When physicians launched a Web site that listed the names of people who filed lawsuits against their doctors (this was public information) the site was shut down under pressure. So while patients can have malpractice information available on doctors, doctors are not supposed to have similar information available to them.

There are consequences for doctors who are legally high risk. What about consequences for patients who are legally high risk?

As a resident, I received a notice of intent for a high-risk surgical patient who had died (after being refused by several other surgical centers). The parties settled before any lawsuit occurred. I still have to include details about this nonlawsuit for work-related papers. I and everyone in this case did excellent medicine, yet we all have to carry this scarlet letter with us for years to come. I do not ever want to see that family again, and I can understand physicians who do not wish to continue to care for patients who have sued them (mine never went to suit). If the patient decides to see a doctor's co-worker, the sued physician still may be involved in that care, so one can see why a group may discharge them.

It is within the patient's best interest to seek health care elsewhere than the doctor they are suing.

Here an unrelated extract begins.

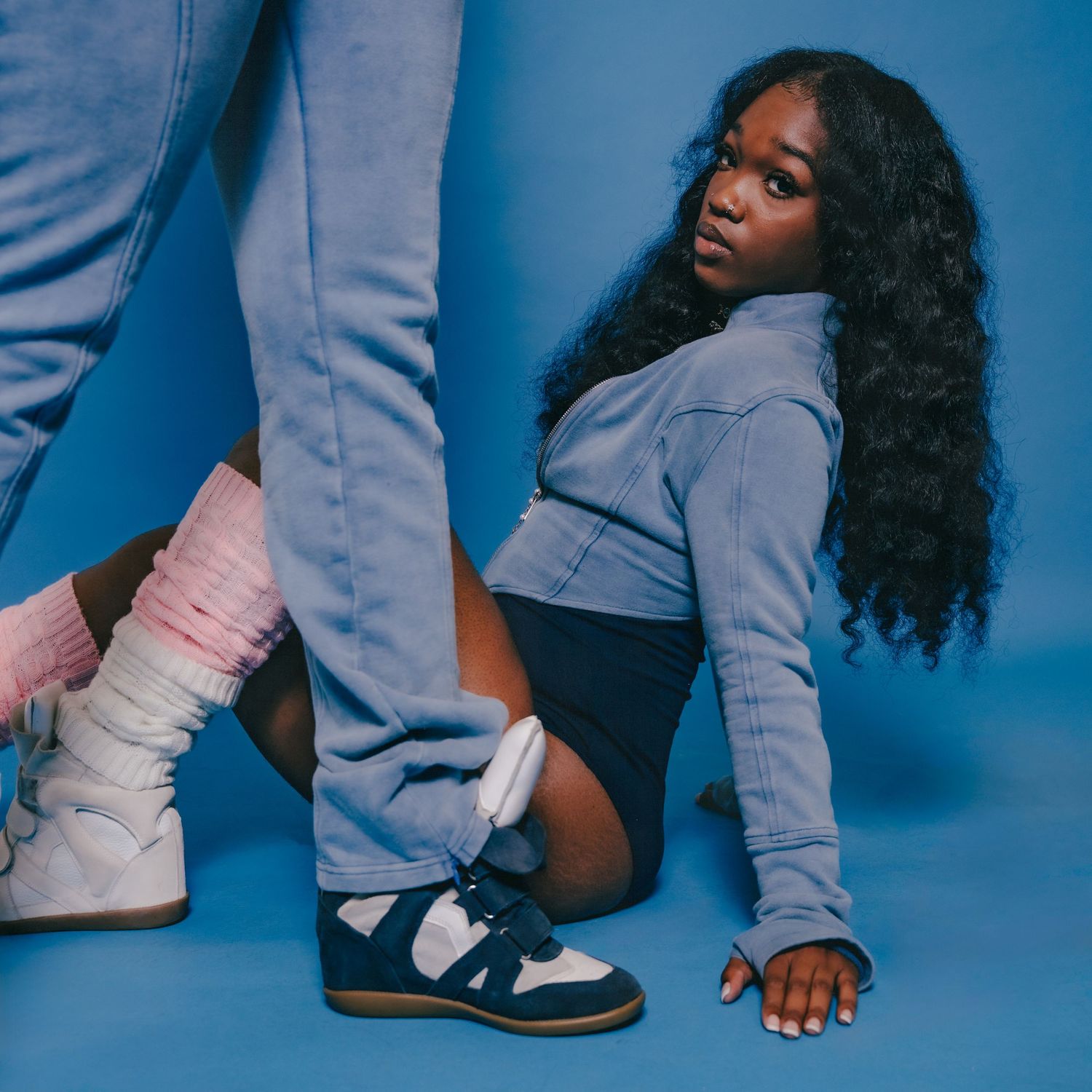 Young woman in blue jacket and dark shorts sits on floor wearing navy sneakers, styled against a blue background.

The stress can affect the best doctor and may influence the care: overtreatment or undertreatment, shotgun tests and more, all in fear of avoiding another legal complication. Remember how you feel when a patient says those words: "Well, if you are not right, I can always sue you." Can you forget the threat the next time you see that patient, even if said in jest?

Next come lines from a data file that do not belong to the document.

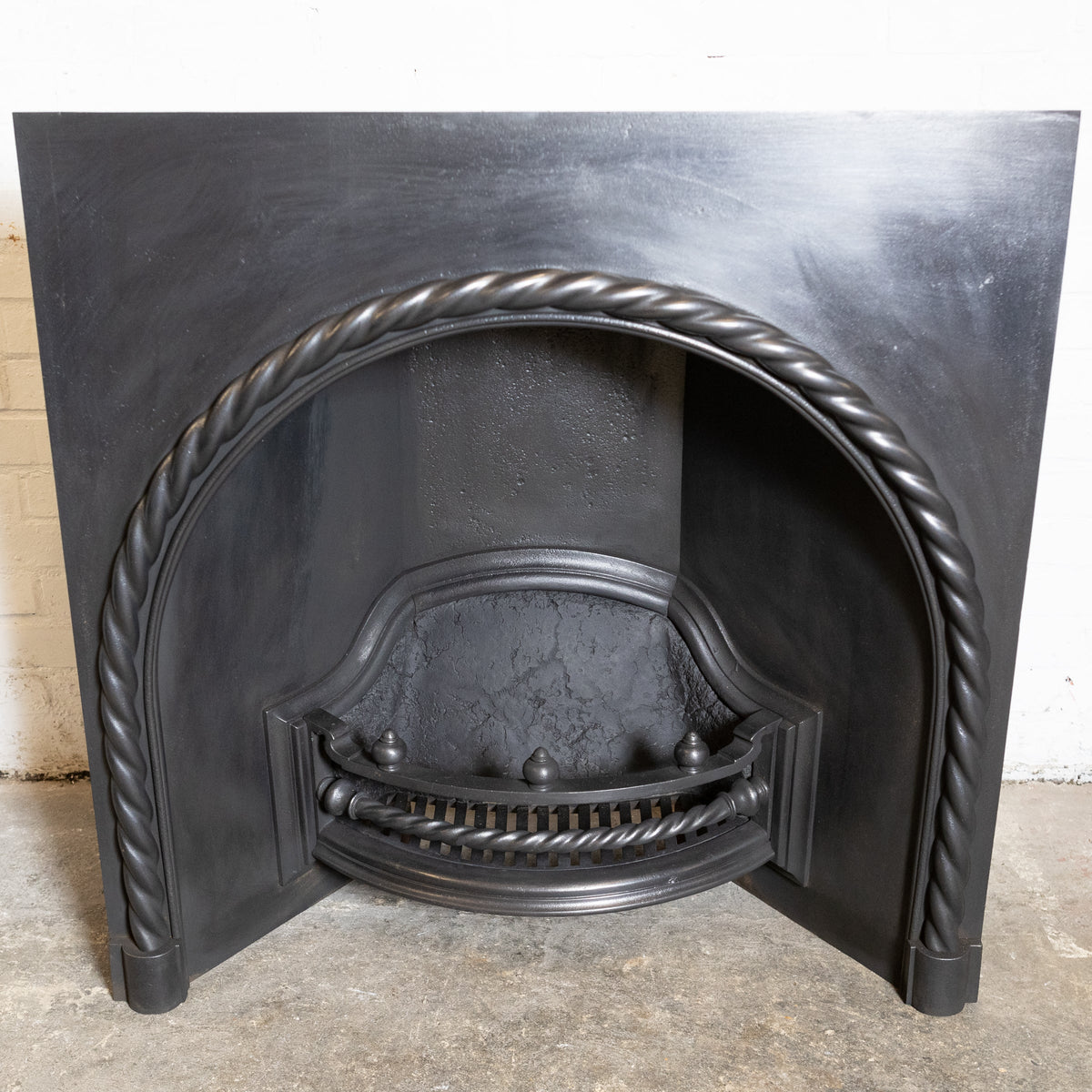 Antique Cast Iron Arched Fireplace Insert with Rope Detail | The Architectural Forum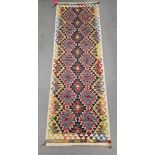 Chobi kilim blue ground runner, with two rows of seven lozenges and row of six, 242cm x 80cm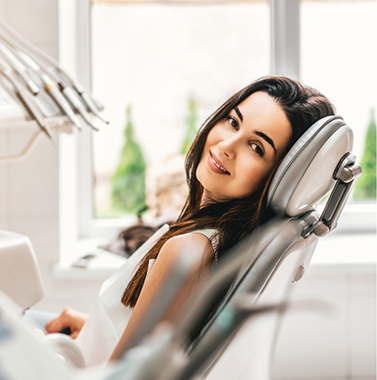 Young woman leaning back in the dental chair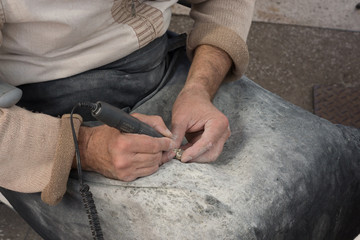 Hands of a craftsman working with an amber
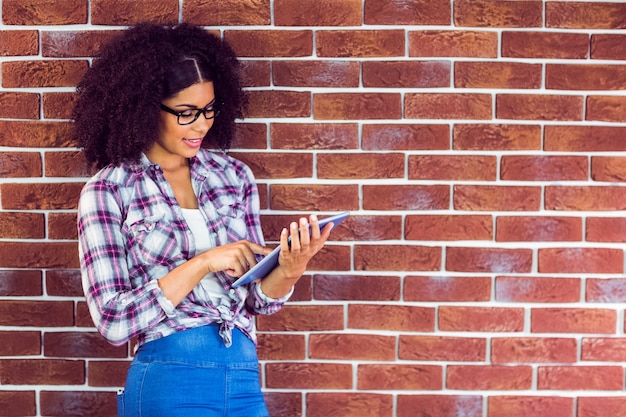 Aantrekkelijke hipster die op muur leunt en tablet gebruikt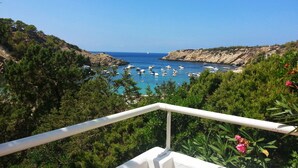 Vista costera con barcos, vegetación y cielo despejado.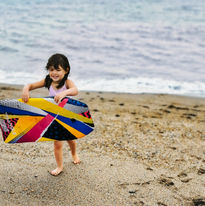 Mia's young daughter stands on the beach holding a colourful bodyboard, with wind turbines in the distance.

I do not have an answer for this dilemma. Should a doctor accept the higher risk of accepting a multilawsuit patient? Should that patient be turned away because of his or her past legal choices? Should a family member be denied access to a group based on events that may have had nothing to do with them? What if the patients cannot find care? Are we obligated to help, to provide care at our own rising risk? No answer in this controversy is fair or equal to all parties. I do not have an answer or solution, but I do understand that group's action and the reason for it.